■ **PROBLEM STATEMENT**
Copy out each line below exactly as it appears.

BEGIN TASK DATA

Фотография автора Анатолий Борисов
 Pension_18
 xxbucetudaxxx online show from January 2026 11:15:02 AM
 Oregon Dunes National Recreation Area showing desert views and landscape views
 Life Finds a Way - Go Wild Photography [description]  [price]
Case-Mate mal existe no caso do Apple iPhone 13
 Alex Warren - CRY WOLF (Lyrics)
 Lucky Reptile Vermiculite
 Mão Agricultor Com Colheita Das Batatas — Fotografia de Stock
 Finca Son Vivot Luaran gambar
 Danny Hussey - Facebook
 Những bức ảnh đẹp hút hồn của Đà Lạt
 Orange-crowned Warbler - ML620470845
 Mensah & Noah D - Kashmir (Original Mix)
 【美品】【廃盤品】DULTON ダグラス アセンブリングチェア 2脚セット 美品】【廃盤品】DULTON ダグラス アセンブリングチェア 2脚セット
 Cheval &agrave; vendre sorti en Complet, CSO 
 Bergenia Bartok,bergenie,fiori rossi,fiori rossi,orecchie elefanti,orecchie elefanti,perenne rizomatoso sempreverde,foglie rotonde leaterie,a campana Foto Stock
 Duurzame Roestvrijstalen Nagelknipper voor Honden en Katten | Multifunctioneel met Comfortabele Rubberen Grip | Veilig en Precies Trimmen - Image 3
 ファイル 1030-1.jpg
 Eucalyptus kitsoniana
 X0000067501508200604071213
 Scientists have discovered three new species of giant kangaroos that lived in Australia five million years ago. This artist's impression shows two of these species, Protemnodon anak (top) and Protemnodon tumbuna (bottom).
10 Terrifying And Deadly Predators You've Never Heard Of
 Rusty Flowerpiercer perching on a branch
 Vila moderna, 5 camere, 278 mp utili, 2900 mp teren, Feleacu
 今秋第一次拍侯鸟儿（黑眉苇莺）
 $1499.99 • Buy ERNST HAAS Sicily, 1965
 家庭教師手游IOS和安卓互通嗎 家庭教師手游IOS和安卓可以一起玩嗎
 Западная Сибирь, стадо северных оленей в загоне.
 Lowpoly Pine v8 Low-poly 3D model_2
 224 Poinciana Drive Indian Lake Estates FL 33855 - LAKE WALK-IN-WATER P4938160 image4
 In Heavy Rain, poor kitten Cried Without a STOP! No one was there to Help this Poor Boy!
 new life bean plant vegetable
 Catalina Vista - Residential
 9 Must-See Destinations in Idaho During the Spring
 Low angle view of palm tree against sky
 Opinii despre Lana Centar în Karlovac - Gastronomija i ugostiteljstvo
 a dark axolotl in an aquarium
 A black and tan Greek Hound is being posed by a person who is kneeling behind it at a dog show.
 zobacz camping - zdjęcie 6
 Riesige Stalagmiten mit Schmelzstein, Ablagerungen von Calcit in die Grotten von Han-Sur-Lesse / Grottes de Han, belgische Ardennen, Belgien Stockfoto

END TASK DATA

■ **WRITTEN SOLUTION**
Фотография автора Анатолий Борисов
 Pension_18
 xxbucetudaxxx online show from January 2026 11:15:02 AM
 Oregon Dunes National Recreation Area showing desert views and landscape views
 Life Finds a Way - Go Wild Photography [description]  [price]
Case-Mate mal existe no caso do Apple iPhone 13
 Alex Warren - CRY WOLF (Lyrics)
 Lucky Reptile Vermiculite
 Mão Agricultor Com Colheita Das Batatas — Fotografia de Stock
 Finca Son Vivot Luaran gambar
 Danny Hussey - Facebook
 Những bức ảnh đẹp hút hồn của Đà Lạt
 Orange-crowned Warbler - ML620470845
 Mensah & Noah D - Kashmir (Original Mix)
 【美品】【廃盤品】DULTON ダグラス アセンブリングチェア 2脚セット 美品】【廃盤品】DULTON ダグラス アセンブリングチェア 2脚セット
 Cheval &agrave; vendre sorti en Complet, CSO 
 Bergenia Bartok,bergenie,fiori rossi,fiori rossi,orecchie elefanti,orecchie elefanti,perenne rizomatoso sempreverde,foglie rotonde leaterie,a campana Foto Stock
 Duurzame Roestvrijstalen Nagelknipper voor Honden en Katten | Multifunctioneel met Comfortabele Rubberen Grip | Veilig en Precies Trimmen - Image 3
 ファイル 1030-1.jpg
 Eucalyptus kitsoniana
 X0000067501508200604071213
 Scientists have discovered three new species of giant kangaroos that lived in Australia five million years ago. This artist's impression shows two of these species, Protemnodon anak (top) and Protemnodon tumbuna (bottom).
10 Terrifying And Deadly Predators You've Never Heard Of
 Rusty Flowerpiercer perching on a branch
 Vila moderna, 5 camere, 278 mp utili, 2900 mp teren, Feleacu
 今秋第一次拍侯鸟儿（黑眉苇莺）
 $1499.99 • Buy ERNST HAAS Sicily, 1965
 家庭教師手游IOS和安卓互通嗎 家庭教師手游IOS和安卓可以一起玩嗎
 Западная Сибирь, стадо северных оленей в загоне.
 Lowpoly Pine v8 Low-poly 3D model_2
 224 Poinciana Drive Indian Lake Estates FL 33855 - LAKE WALK-IN-WATER P4938160 image4
 In Heavy Rain, poor kitten Cried Without a STOP! No one was there to Help this Poor Boy!
 new life bean plant vegetable
 Catalina Vista - Residential
 9 Must-See Destinations in Idaho During the Spring
 Low angle view of palm tree against sky
 Opinii despre Lana Centar în Karlovac - Gastronomija i ugostiteljstvo
 a dark axolotl in an aquarium
 A black and tan Greek Hound is being posed by a person who is kneeling behind it at a dog show.
 zobacz camping - zdjęcie 6
 Riesige Stalagmiten mit Schmelzstein, Ablagerungen von Calcit in die Grotten von Han-Sur-Lesse / Grottes de Han, belgische Ardennen, Belgien Stockfoto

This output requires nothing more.